In the United States, food stamps don’t cover feminine products. In the U.K. men’s razors aren’t taxed, but tampons are. Here in Canada, Pizza Pockets, Twinkies, and wedding cakes are considered essential, yet feminine products used by half of the population once a week every month for a solid four decades of our lives, aren’t. Does anyone in the government think that tampons are treats? A luxury item I buy when I feel like splurging on something? Because I can assure you they most certainly are not.

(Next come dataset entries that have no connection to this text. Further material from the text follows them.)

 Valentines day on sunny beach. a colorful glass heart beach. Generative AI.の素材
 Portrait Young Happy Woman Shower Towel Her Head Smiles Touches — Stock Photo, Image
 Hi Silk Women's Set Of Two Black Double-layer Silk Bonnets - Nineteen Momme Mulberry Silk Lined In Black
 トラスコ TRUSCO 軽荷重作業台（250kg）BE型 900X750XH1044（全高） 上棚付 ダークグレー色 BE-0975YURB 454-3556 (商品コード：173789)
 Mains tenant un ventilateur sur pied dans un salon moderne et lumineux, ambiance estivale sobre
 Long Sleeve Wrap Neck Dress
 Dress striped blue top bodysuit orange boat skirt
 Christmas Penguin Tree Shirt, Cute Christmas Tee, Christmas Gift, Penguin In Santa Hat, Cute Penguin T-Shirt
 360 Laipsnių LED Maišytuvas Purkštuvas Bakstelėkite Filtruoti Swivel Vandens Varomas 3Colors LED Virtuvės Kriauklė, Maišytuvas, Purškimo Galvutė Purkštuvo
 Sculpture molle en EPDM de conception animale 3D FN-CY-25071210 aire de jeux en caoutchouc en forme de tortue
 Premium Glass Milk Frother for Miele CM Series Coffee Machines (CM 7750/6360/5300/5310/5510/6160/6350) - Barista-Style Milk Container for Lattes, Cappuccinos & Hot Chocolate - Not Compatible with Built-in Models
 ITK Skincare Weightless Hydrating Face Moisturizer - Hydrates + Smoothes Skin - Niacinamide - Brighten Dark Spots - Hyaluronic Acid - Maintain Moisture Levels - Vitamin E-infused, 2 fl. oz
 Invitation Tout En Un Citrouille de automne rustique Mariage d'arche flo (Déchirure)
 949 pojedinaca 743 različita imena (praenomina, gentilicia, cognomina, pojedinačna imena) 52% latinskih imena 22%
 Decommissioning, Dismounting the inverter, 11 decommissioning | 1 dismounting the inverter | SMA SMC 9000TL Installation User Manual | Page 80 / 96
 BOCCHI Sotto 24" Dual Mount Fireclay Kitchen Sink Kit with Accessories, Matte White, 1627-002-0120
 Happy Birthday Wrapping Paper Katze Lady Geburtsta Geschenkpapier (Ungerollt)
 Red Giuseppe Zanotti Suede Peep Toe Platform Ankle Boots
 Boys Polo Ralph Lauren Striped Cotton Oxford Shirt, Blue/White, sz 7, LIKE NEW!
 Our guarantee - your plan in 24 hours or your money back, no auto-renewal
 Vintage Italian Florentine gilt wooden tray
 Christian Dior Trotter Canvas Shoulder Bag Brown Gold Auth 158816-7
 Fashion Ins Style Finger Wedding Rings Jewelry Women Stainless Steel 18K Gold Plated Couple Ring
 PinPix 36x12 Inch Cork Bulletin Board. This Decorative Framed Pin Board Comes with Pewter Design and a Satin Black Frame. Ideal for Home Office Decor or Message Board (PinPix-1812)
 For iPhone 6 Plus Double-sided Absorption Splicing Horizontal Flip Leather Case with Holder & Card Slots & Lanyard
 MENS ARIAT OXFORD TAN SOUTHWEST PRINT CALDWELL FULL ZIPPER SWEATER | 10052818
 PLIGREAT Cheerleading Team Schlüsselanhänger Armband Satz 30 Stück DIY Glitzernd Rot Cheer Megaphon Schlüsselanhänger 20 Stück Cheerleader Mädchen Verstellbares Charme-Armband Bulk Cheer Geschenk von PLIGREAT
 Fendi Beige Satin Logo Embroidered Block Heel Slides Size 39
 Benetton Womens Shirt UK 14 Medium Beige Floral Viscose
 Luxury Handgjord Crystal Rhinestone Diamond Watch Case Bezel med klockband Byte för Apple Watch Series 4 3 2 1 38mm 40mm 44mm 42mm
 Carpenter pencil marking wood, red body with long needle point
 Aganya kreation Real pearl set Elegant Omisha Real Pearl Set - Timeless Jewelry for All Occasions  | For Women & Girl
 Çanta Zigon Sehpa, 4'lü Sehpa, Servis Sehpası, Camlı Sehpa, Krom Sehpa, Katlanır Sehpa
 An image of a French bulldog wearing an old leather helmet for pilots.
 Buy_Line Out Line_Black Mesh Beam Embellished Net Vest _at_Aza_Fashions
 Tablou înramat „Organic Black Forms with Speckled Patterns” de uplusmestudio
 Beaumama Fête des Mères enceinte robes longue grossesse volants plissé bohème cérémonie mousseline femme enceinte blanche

If one considers the fact that women already make less money than men, pay more for services like dry cleaning and haircuts, most single moms live precariously close to or below the poverty line (I don’t even want to think about what periods are like for homeless women or those living in underdeveloped countries), this amounts to nothing more than gender-based taxation and government-sanctioned sexism. It’s not ok.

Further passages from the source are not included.